Re: O(n^2) deletion performance

"Theodore Ts'o" <tytso@xxxxxxx> · Mon, 1 Jan 2018 23:33:54 -0500

On Mon, Jan 01, 2018 at 07:49:55PM -0700, Andreas Dilger wrote:
> 
> At one time we discussed to change inode number allocation to be
> piecewise linear for inodes within the same directory.  As a directory
> grows larger, it could grab a chunk of free inodes in the inode table,
> then map the new filename hash to the range of free inodes, and use
> that when selecting the new inode number.  As that chunk is filled up,
> a new, larger chunk of free inodes would be selected and new filenames
> would be mapped into the new chunk.

Well, it's not so simple.  Remember that there are only 16 inodes per
4k inode table block.  And only 32,768 inodes per block group.  In the
workloads discussed in the coreutils bug, there are 1 million to 32
million files being created in a single directory.  At that point,
unless we start doing truly ridiculous readaheads in the inode table,
the disk is going to be randomly seeking no matter what you do.  Also,
if we try to stay strictly within the inodes in the block group,
assuming that the average file size is larger than 4k --- generally a
safe bet --- this will tend to separate the data blocks from the
inodes, which will increase latency when reading files.

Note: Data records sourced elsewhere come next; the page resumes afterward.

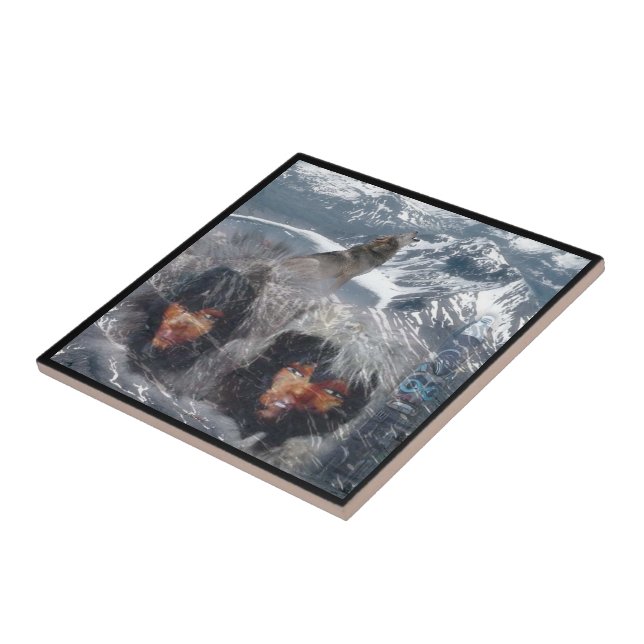 Ursprunglig sprit i Alaska Kakelplatta (Sidan)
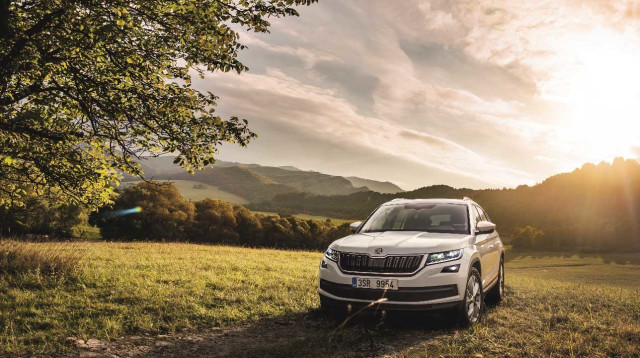 סקודה קודיאק (צילום: יח"צ)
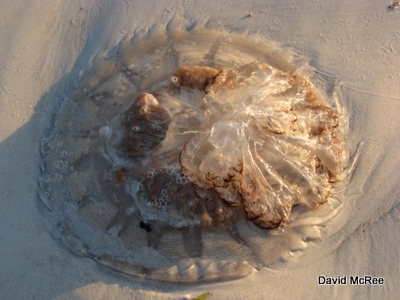 mushroom cap jellyfish 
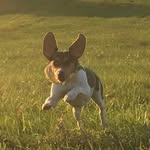 Otis Monroe - @odelltheshellwithshoeson - Instagram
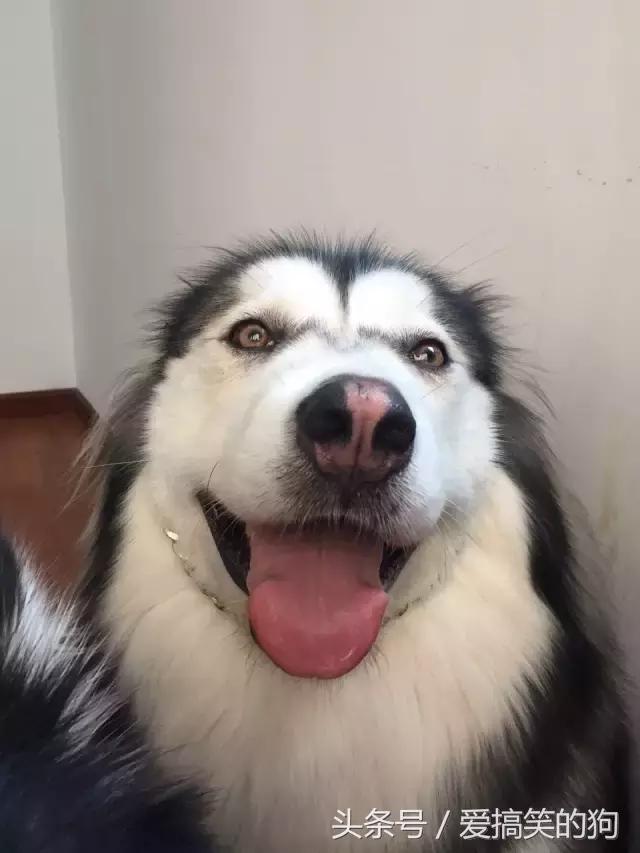 狗狗产后10天还有红色恶露排出,狗狗产后恶露什么样的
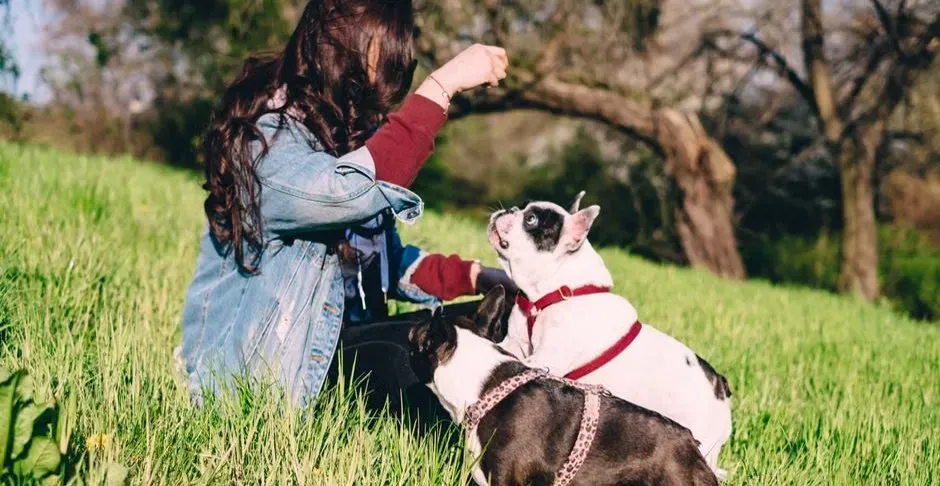 Sometimes It's About Attention, Not Just Love (Image Credits: Pexels)
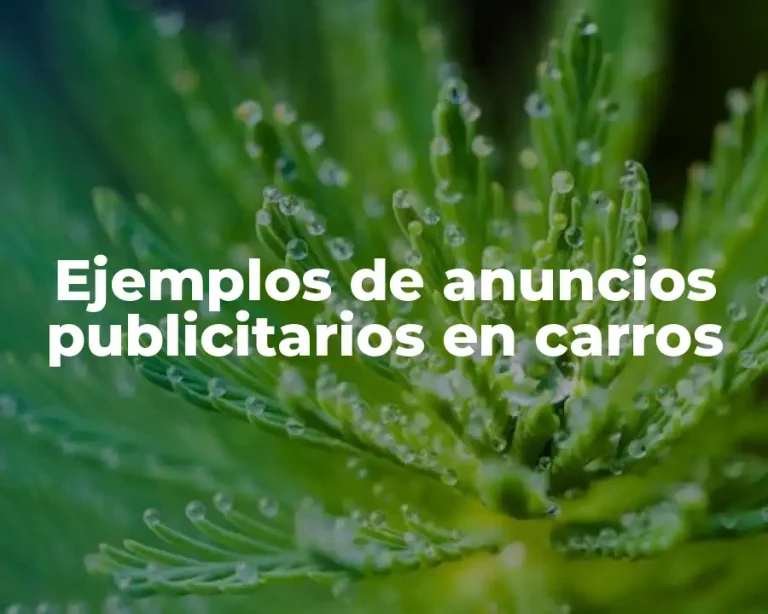 Ejemplos de anuncios publicitarios en carros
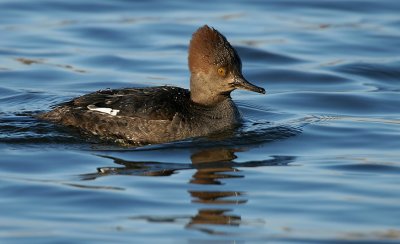 Hooded Merganser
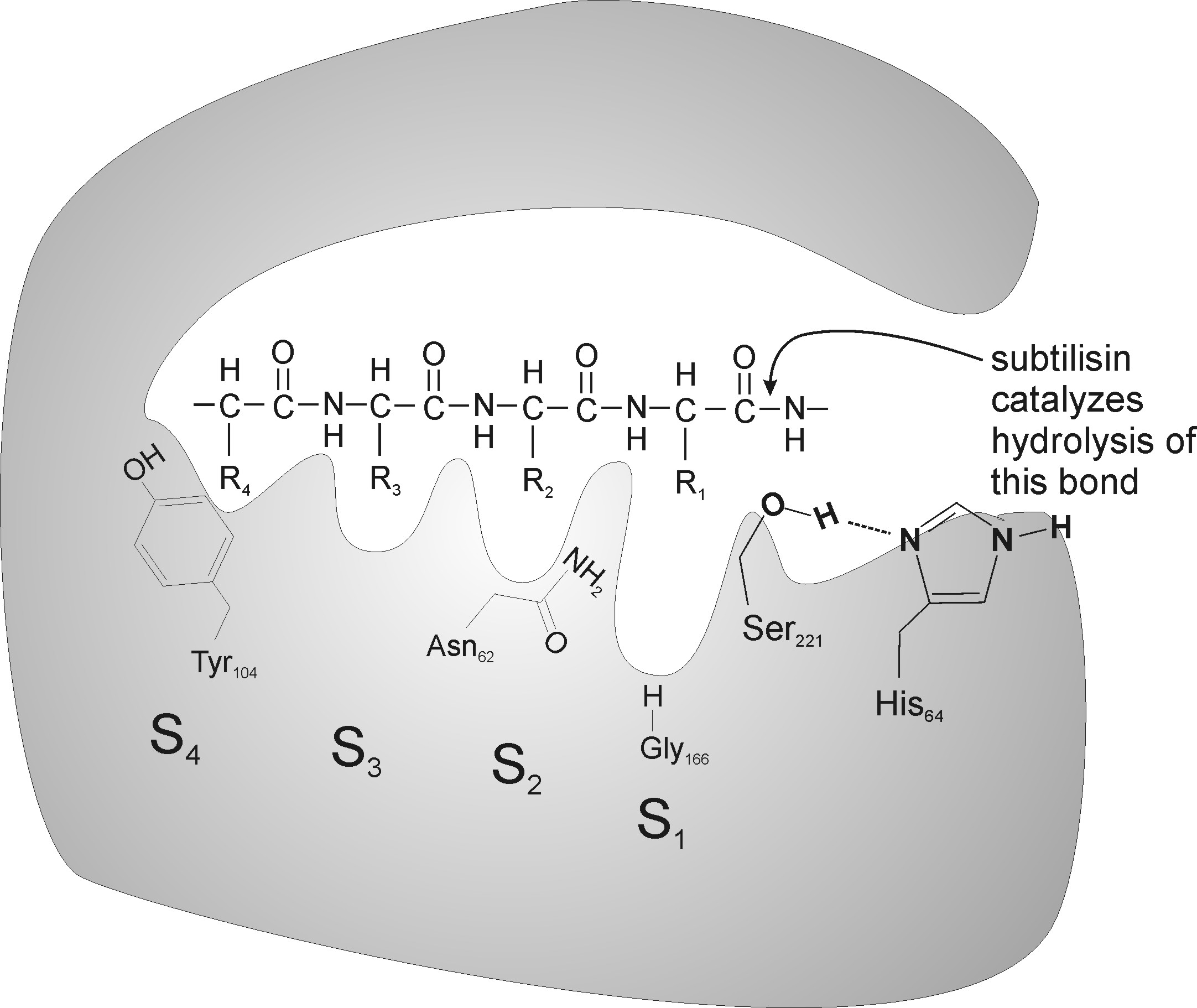 figs_for_questions\prep_problem_figures\subtilisin_subsites_3_new.jpg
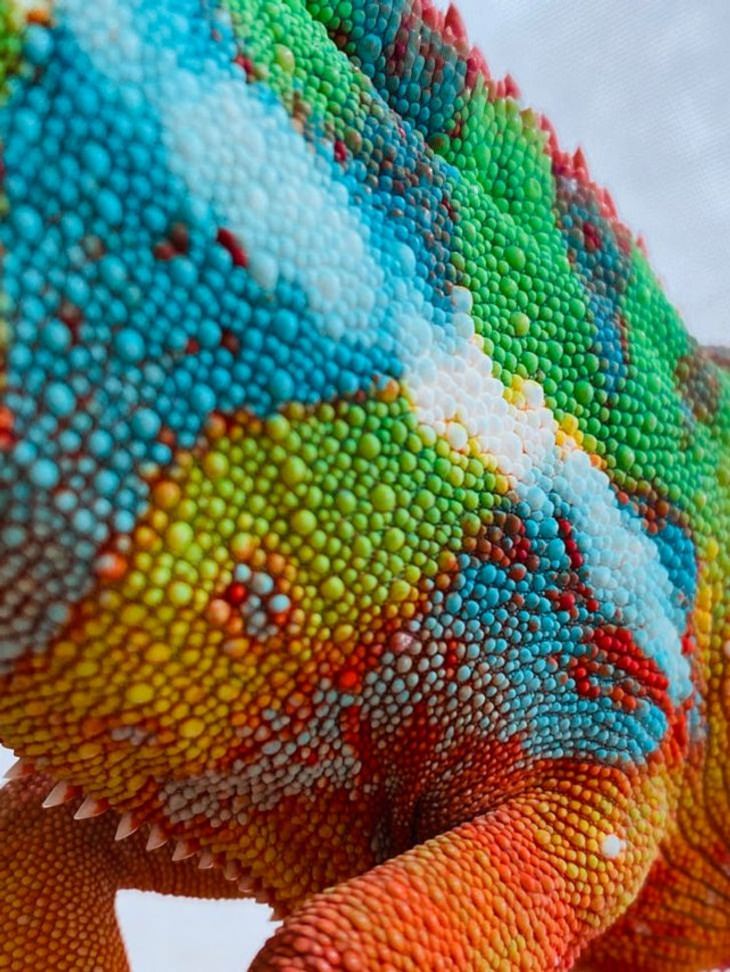 Macro Photos, chameleon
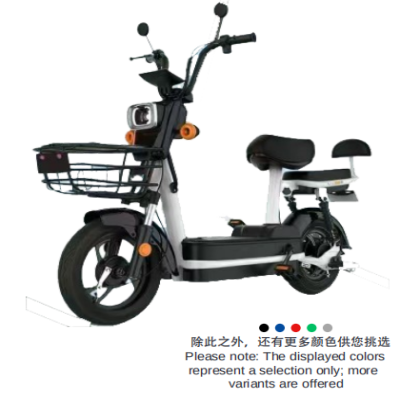 Electric bicycle model: Phantom Cullinan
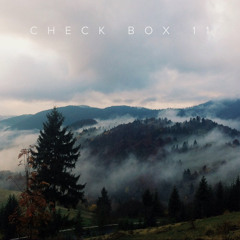 CheckBox 11. Slow and low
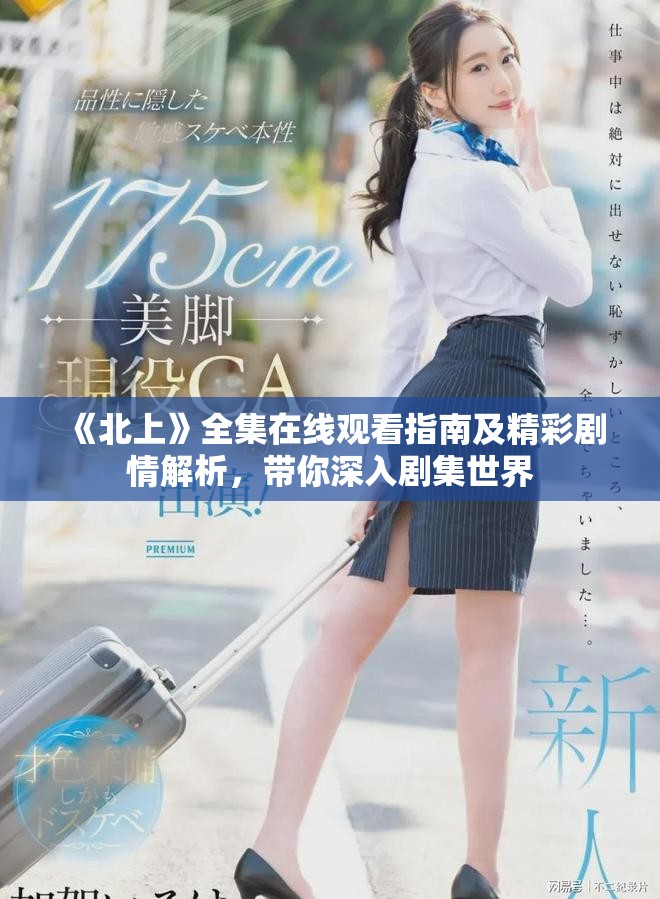 《北上》全集在线观看指南及精彩剧情解析，带你深入剧集世界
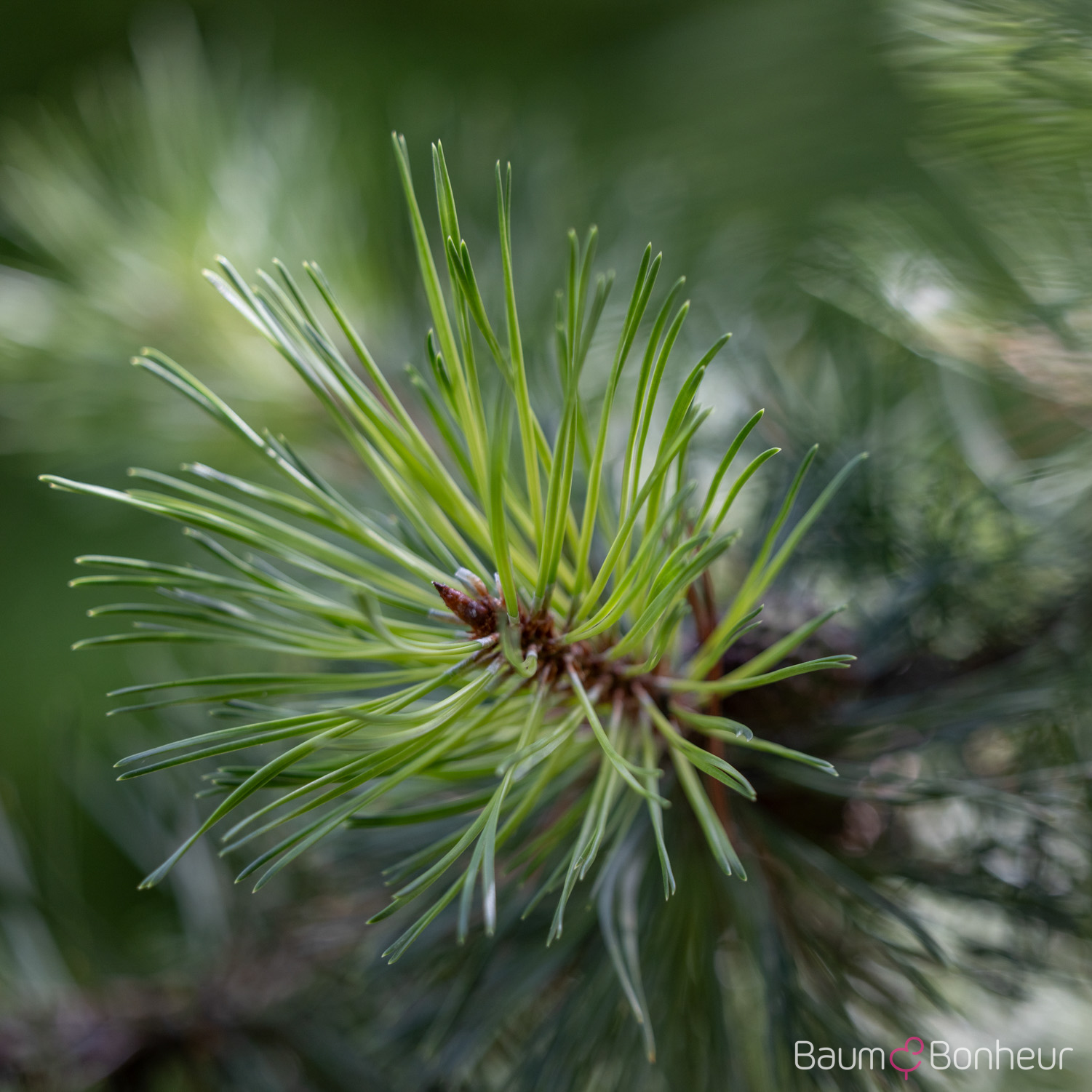 Pinus contorta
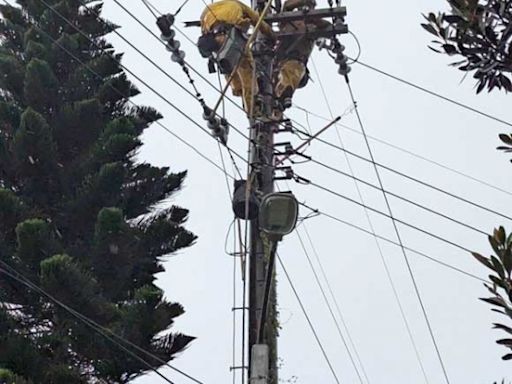 台電持續全面動員搶修中 基隆區處力拼今日全數復電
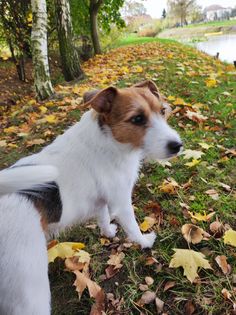 a white and brown dog standing on top of a lush green field covered in leaves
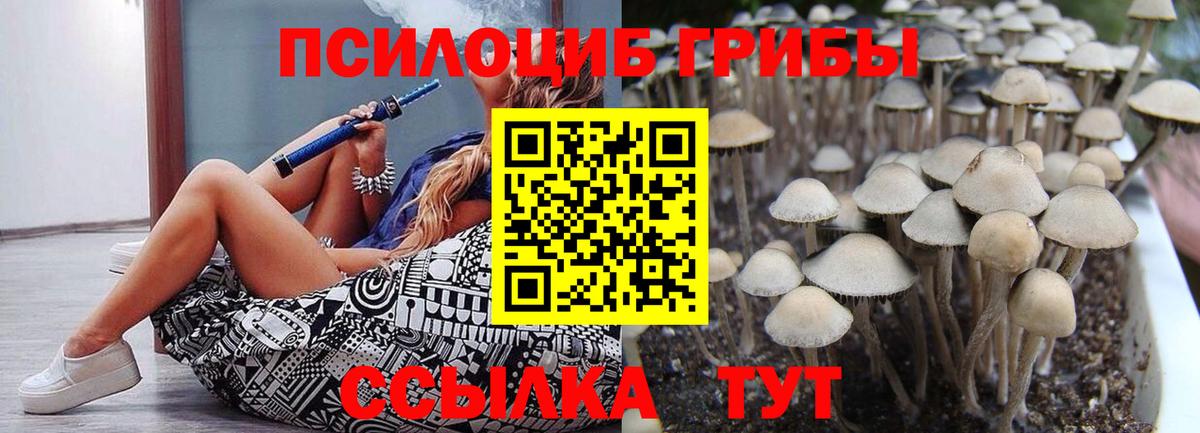 Псилоцибиновые грибы GOLDEN TEACHER Советская Гавань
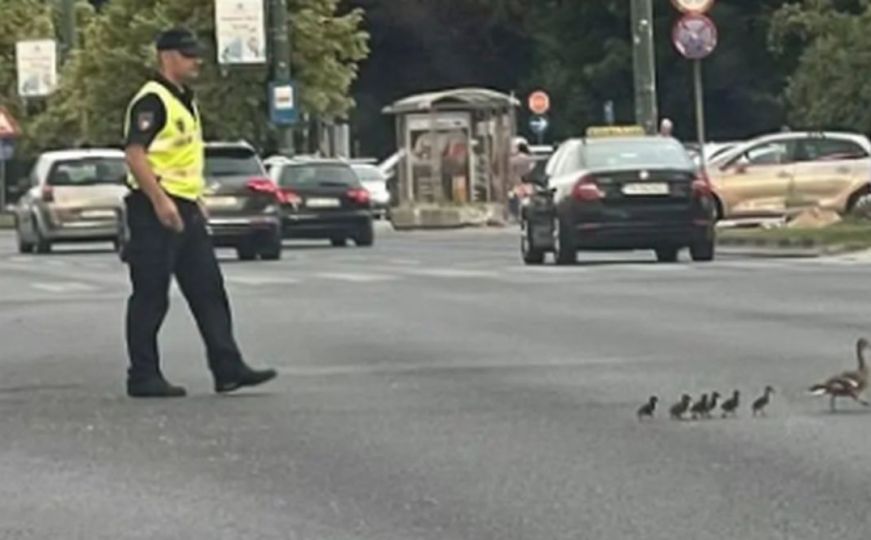Predivna slika: Policija u Sarajevu zaustavila saobraćaj zbog neobičnih pješaka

And most of the time, optimizing for reading files makes sense (e.g.,
think /usr/include), because that tends to happen more often than rm
-rf workloads.

The bottom line is this gets tricky, especially if the directory is
dynamically growing and shrinking.  Now you might start deleting from
the first chunk, and start allocating from the second chunk, or maybe
the third chunk.  The bottom line is that it's relatively easy to
optimize for specific workloads --- but even if this is a good idea
--- "rm -rf" of zero-length files is not the first workload I would be
hyper-optimizing for.

Cheers,

					- Ted